Tam Iao San

Personal information
- Date of birth: 25 October 1976 (age 48)
- Place of birth: China
- Position(s): Midfielder

Team information
- Current team: Monte Carlo (manager)

Senior career*
- Years: Team / Apps / (Gls)
- Lam Pak
- Artilheiros
- 2001–2003: Monte Carlo
- 2003–2005: Heng Tai

International career
- 2000–2001: Macau / 7 / (0)

Managerial career
- 2004–2008: Monte Carlo
- 2009–2010: Macau U18
- 2013: Monte Carlo
- 2015–2017: Macau
- 2019–: Monte Carlo

Medal record
Men's football
Representing Macau (as manager)
AFC Solidarity Cup
| Runner-up | 2016 |  |

= Tam Iao San =

Macau Football Coach

Tam Iao San (譚又新 (Tán Yòuxīn); born 25 October 1976) is a football coach, currently managing Monte Carlo.

==Playing career==
Tam moved to Macau aged seven.
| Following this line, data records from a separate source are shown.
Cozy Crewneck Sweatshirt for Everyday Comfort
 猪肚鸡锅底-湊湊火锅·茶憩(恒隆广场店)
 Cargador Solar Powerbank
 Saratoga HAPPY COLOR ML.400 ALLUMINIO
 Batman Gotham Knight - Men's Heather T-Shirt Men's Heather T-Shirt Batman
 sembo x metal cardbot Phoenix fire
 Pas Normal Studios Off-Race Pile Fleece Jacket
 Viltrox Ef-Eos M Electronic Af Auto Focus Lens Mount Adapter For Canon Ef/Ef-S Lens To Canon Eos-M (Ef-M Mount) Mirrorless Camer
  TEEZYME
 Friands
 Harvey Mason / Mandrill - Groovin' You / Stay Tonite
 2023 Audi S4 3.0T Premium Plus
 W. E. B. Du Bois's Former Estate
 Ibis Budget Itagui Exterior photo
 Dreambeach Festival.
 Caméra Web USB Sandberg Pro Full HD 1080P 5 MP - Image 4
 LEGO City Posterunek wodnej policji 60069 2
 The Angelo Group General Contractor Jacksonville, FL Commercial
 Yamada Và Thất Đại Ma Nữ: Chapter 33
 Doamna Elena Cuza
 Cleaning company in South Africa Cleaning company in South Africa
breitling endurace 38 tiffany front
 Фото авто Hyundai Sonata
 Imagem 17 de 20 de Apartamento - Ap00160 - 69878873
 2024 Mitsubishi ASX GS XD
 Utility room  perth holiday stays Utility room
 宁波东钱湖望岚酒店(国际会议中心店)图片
At club level, Tam played for Lam Pak, Artilheiros, Monte Carlo and Heng Tai.

Internationally, Tam made seven appearances for Macau.

==Managerial career==
Following his retirement, Tam returned to former club Monte Carlo as manager. From 2015 to 2017, Tam managed Macau. Ahead of the 2019 Liga de Elite season, Tam returned as manager of Monte Carlo.